When restoring an from an incremental backup, gprestore also lists the backups that are used in the restore operation in the gprestore log file.

During the restore operation, gprestore displays an error if the full backup or other required incremental backup is not available.

Incremental Backup Notes

To create an incremental backup, or to restore data from an incremental backup set, you need the complete backup set. When you archive incremental backups, the complete backup set must be archived. You must archive all the files created on the master and all segments.

Each time gpbackup runs, the utility adds backup information to the history file gpbackup_history.yaml in the Greenplum Database master data directory. The file includes backup options and other backup information.
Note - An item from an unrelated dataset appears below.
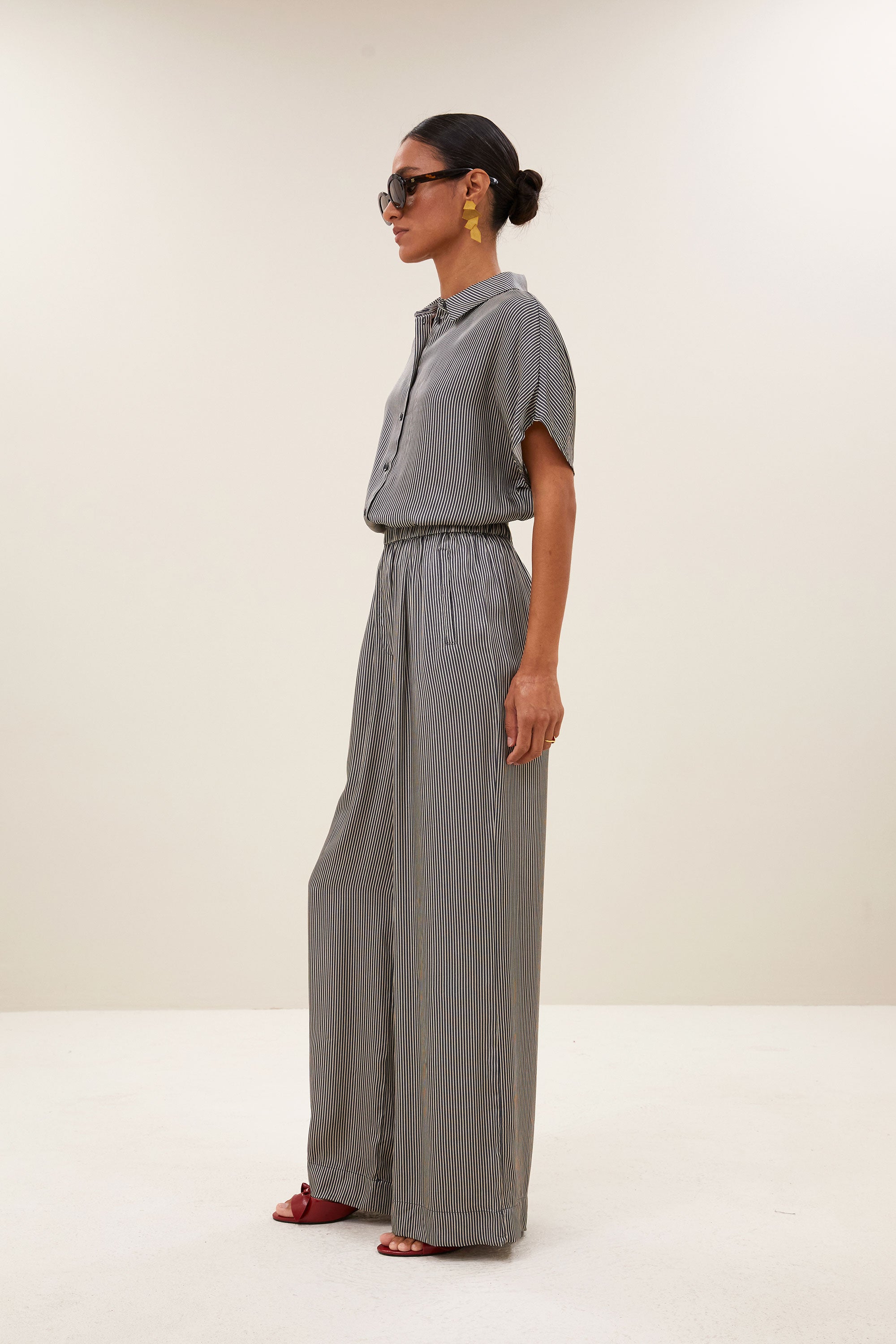 benji silky stripe pants | jet black stripe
If you do not specify the --from-timestamp option when you create an incremental backup, gpbackup uses the most recent backup with a consistent set of options. The utility checks the backup history file to find the backup with a consistent set of options. If the utility cannot find a backup with a consistent set of options or the history file does not exist, gpbackup displays a message stating that a full backup must be created before an incremental can be created.

If you specify the --from-timestamp option when you create an incremental backup, gpbackup ensures that the options of the backup that is being created are consistent with the options of the specified backup.

The gpbackup option --with-stats is not required to be the same for all backups in the backup set. However, to perform a restore operation with the gprestore option --with-stats to restore statistics, the backup you specify must have must have used the --with-stats when creating the backup.

You can perform a restore operation from any backup in the backup set. However, changes captured in incremental backups later than the backup use to restore database data will not be restored.

When restoring from an incremental backup set, gprestore checks the backups and restores each append-optimized table from the most recent version of the append-optimized table in the backup set and restores the heap tables from the latest backup.

The incremental back up set, a full backup and associated incremental backups, must be on a single device. For example, the backups in a backup set must all be on a file system or must all be on a Data Domain system.

Warning: Changes to the Greenplum Database segment configuration invalidate incremental backups. After you change the segment configuration (add or remove segment instances), you must create a full backup before you can create an incremental backup.